One of the simplest uses is find . -name somefile that will look for the file named somefile in the current directory. If you use find . -iname somefile a case insensitive search will be done for somefile.

Here are some more advanced examples. use man find on your system to find out all the available options for your system.

find / \! -name "*.c" -print
Print out a list of all the files whose names do not end in .c.

find / -newer somefile -user grumpy -print
Print out a list of all the files owned by user “grumpy” that are newer than the file somefile.

find / \! \( -newer somefile -user grumpy \) -print
Print out a list of all the files which are not both newer than somefile and owned by “grumpy”.

find / \( -newer somefile -or -user grumpy \) -print
Print out a list of all the files that are either owned by “grumpy” or that are newer than somefile.

find / -newerct '1 minute ago' -print
Print out a list of all the files whose inode change time is more recent than the current time minus one minute.

find / -type f -exec echo {} \;
Use the echo(1) command to print out a list of all the files.

find -L /usr/ports/packages -type l -exec rm -- {} +
Delete all broken symbolic links in /usr/ports/packages.

find /usr/src -name CVS -prune -o -depth +6 -print
Find files and directories that are at least seven levels deep in the working directory /usr/src.

find /usr/src -name CVS -prune -o -mindepth 7 -print
Is not equivalent to the previous example, since -prune is not evaluated below level seven.

There are many more examples at the Wikipedia find page.

One of the more interesting uses of the find command is to take some action on the files you find. There is of course more than one way to do this.

find /var/ftp/mp3 -name '*.mp3' -type f -exec chmod 644 {} \;
This command changes the permissions of all regular files whose names end with .mp3 in the directory tree /var/ftp/mp3. The action is carried out by specifying the statement -exec chmod 644 {} \; in the command. For every regular file whose name ends in .mp3, the command chmod 644 {} is executed replacing {} with the name of the file. The semicolon (backslashed to avoid the shell interpreting it as a command separator) indicates the end of the command.

find /var/ftp/mp3 -name '*.mp3' -type f -exec chmod 644 {} +
If you will be executing over many results, it is more efficient to use the variant above of the exec primary that collects filenames up to ARG_MAX and then executes COMMAND with a list of filenames.

If you are on a system that does not have the exec + variant in find you can pipe the output of find to xargs that will do the same as the above example.
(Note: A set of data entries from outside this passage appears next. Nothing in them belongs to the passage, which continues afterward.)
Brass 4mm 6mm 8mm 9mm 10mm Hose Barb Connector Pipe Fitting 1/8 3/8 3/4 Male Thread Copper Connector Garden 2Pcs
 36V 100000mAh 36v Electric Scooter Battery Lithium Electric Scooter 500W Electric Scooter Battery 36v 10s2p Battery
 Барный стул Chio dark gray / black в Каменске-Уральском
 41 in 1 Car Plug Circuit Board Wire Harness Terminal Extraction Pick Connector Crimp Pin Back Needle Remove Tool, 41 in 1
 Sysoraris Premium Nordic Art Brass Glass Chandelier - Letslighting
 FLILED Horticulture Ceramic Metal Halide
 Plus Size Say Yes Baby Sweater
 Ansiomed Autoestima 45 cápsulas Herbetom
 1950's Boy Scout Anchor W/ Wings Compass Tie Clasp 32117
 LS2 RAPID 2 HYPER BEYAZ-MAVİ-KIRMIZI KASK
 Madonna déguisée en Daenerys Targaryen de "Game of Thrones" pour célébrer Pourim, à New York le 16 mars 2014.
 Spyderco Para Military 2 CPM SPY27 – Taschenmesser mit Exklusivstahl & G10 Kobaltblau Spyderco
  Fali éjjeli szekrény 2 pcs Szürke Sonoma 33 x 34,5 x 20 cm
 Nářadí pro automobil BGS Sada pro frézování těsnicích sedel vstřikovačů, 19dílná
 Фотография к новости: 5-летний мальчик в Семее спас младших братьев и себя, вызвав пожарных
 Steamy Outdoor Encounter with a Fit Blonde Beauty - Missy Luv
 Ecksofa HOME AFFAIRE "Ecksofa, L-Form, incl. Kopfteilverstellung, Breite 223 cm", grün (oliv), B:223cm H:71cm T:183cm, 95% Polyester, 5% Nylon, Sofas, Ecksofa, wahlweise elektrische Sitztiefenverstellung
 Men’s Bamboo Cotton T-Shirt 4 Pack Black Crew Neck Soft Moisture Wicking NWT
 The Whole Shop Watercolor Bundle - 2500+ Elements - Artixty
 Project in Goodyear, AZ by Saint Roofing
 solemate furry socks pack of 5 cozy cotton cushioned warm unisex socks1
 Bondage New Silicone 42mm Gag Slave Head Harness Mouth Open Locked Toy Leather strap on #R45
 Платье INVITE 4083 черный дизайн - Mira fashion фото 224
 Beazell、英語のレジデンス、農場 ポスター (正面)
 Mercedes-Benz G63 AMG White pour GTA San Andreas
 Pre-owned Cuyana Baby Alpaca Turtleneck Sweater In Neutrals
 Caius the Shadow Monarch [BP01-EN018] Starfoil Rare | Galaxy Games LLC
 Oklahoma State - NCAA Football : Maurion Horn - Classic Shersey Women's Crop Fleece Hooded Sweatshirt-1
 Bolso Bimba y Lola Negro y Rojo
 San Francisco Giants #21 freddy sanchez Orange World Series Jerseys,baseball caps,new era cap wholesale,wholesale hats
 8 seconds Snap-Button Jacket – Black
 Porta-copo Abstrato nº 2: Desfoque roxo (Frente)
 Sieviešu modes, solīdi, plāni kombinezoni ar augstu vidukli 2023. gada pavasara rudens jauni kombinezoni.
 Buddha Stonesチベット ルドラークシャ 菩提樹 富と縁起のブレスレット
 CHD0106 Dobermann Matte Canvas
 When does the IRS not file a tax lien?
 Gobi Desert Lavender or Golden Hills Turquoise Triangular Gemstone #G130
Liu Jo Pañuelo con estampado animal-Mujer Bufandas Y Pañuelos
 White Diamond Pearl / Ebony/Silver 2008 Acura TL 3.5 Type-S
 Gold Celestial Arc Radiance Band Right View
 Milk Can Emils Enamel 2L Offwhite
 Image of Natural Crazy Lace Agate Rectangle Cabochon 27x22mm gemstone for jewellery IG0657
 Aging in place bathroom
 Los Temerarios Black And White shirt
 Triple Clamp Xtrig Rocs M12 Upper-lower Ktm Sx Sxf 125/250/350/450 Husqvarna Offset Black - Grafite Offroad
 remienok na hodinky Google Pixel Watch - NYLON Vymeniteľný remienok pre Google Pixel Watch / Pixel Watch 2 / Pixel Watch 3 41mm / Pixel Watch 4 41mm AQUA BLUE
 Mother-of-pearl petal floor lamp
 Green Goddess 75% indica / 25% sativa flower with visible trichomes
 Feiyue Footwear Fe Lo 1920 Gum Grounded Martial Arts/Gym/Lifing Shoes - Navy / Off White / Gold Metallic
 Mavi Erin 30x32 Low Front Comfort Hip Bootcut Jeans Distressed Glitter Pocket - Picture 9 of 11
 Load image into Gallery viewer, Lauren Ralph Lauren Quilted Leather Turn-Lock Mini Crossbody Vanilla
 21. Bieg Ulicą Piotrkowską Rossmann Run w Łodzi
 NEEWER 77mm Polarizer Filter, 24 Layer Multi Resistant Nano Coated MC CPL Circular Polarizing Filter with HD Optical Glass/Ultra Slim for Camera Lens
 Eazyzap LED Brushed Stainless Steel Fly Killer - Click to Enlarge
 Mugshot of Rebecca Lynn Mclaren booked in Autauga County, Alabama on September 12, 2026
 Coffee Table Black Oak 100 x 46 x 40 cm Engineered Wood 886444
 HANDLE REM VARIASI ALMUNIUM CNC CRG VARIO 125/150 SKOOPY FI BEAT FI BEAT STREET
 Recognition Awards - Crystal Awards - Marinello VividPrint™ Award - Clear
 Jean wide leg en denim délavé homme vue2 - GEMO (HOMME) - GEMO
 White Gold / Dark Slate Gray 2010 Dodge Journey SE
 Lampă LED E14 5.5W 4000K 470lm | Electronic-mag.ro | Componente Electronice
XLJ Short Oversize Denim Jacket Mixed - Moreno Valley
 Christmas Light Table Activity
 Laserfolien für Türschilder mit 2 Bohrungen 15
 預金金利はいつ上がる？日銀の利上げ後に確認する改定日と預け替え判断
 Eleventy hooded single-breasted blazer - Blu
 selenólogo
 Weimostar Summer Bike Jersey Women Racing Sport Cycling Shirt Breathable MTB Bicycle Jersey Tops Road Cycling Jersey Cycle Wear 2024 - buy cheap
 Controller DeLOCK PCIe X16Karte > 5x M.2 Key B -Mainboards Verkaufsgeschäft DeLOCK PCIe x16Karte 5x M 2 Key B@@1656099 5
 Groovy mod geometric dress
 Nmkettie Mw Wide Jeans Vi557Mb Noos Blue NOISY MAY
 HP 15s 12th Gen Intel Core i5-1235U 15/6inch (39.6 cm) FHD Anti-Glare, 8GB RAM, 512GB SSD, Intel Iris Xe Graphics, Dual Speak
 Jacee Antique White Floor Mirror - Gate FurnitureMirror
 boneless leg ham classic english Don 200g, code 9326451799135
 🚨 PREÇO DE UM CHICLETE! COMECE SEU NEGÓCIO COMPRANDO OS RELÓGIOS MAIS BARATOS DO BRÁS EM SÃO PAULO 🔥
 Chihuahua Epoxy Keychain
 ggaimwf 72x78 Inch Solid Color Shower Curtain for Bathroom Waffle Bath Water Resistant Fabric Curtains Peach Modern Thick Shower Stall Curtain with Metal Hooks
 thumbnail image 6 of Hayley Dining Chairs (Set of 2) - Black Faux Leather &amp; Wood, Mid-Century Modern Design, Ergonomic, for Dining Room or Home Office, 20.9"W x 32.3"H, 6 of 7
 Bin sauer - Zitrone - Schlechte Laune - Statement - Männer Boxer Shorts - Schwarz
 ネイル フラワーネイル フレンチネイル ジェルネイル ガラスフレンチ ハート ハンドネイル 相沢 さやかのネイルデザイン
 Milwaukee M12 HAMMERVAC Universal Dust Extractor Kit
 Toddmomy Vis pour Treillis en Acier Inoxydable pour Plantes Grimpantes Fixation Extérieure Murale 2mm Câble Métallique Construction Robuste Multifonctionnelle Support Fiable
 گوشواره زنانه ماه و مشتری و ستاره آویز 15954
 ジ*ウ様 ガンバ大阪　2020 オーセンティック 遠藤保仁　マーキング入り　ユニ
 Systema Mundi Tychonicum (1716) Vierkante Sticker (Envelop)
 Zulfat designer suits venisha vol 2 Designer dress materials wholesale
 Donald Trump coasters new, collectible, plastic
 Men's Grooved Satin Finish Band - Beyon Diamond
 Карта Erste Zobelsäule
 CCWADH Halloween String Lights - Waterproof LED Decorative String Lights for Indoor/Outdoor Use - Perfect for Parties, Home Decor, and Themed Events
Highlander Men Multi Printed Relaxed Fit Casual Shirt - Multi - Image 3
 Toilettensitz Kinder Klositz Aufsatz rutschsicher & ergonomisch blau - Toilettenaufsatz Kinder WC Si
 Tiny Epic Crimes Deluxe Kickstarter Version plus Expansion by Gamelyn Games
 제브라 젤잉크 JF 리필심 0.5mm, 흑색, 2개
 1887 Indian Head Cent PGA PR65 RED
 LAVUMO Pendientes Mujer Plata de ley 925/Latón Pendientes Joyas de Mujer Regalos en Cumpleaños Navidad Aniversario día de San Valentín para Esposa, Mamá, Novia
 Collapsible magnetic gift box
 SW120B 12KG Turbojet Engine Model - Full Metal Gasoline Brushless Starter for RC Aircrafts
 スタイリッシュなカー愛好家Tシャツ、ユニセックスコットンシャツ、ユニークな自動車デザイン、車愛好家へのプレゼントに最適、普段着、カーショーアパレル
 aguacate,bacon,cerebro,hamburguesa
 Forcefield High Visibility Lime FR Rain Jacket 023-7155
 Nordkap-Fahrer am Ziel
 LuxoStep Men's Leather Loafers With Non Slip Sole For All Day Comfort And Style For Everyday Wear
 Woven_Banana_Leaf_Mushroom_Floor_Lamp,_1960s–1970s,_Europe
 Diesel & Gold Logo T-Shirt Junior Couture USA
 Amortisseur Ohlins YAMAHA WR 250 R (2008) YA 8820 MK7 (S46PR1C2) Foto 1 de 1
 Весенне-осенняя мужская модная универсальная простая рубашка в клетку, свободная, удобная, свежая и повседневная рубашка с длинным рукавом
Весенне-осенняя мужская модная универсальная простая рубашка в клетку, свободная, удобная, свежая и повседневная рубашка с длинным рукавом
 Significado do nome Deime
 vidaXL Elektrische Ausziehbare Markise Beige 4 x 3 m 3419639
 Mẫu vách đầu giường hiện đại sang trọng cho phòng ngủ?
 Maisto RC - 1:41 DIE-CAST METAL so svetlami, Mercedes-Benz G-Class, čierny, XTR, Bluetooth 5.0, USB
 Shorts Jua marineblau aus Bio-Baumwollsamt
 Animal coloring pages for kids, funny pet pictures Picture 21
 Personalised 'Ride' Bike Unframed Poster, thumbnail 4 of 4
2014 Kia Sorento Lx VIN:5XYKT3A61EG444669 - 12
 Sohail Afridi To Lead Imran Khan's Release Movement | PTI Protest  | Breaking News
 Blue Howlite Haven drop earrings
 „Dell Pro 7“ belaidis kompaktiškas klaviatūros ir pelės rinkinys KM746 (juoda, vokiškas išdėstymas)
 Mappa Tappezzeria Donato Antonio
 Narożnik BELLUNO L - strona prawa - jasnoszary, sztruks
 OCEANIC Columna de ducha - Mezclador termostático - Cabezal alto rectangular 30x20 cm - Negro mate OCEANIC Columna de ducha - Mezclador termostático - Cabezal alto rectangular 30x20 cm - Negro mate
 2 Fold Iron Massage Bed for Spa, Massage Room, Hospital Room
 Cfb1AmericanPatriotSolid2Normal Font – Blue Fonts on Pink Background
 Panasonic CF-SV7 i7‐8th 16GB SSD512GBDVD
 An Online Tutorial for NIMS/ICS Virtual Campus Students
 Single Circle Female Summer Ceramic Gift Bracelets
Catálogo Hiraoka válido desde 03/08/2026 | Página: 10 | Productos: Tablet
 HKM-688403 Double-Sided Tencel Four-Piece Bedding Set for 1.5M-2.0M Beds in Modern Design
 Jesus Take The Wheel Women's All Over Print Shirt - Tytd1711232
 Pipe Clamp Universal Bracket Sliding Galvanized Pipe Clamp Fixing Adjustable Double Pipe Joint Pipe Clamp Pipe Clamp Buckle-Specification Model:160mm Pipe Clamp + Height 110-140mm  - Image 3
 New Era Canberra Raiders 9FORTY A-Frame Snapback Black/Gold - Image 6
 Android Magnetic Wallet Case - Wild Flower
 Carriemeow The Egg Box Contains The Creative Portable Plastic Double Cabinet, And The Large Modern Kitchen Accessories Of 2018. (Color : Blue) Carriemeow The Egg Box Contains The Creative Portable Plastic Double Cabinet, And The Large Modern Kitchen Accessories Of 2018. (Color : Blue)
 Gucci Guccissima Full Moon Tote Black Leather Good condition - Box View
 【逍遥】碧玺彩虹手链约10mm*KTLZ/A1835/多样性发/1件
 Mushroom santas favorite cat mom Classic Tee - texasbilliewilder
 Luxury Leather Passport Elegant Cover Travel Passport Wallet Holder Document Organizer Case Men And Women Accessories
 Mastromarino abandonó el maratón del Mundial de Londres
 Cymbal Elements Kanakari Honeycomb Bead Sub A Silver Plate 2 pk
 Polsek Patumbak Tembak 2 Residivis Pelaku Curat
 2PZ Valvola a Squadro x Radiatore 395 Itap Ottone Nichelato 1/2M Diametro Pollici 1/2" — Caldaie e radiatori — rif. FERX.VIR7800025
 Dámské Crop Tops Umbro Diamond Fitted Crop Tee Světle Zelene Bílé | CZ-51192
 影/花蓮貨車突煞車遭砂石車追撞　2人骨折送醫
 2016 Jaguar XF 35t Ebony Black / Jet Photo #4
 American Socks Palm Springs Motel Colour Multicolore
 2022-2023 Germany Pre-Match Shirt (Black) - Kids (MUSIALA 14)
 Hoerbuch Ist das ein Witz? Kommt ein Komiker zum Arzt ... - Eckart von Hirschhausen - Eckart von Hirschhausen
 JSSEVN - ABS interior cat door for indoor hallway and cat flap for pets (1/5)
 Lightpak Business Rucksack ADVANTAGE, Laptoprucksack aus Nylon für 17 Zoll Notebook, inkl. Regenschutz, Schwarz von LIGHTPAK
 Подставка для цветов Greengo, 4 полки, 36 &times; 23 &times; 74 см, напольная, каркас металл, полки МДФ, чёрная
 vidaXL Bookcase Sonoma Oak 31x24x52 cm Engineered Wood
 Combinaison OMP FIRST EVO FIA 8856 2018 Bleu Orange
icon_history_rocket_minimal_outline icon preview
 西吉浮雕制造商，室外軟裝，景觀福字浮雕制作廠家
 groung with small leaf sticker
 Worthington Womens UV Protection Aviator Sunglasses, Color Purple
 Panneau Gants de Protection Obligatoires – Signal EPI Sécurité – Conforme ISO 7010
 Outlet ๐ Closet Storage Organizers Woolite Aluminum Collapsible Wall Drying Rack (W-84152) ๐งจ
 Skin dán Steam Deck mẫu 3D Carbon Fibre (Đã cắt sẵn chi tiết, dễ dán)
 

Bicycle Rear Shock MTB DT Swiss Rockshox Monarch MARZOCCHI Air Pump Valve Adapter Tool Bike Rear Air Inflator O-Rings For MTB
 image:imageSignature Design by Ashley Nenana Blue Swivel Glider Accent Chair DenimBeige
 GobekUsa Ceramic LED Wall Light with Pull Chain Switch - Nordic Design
You will often see this use of find and xargs in examples on the web as it is more portable. man xargs on your system to find all the options to xargs available to you.
find /var/ftp/mp3 -name '*.mp3' -type f |xargs chmod 644

Another interesting use is combining find with cpio to create an archive or copy of a specific set of files

find . -iname \*jpg -print -o -iname \*jpeg -print -o -name websites -prune|cpio -p backupdir will copy all files ending in jpg or jpeg to the directory backupdir, but not files in the directory websites.

find . -iname \*jpg -print -o -iname \*jpeg -print -o -name websites -prune|cpio -o > backup.cpio will create n archive of all files ending in jpg or jpeg, but not files in the directory websites.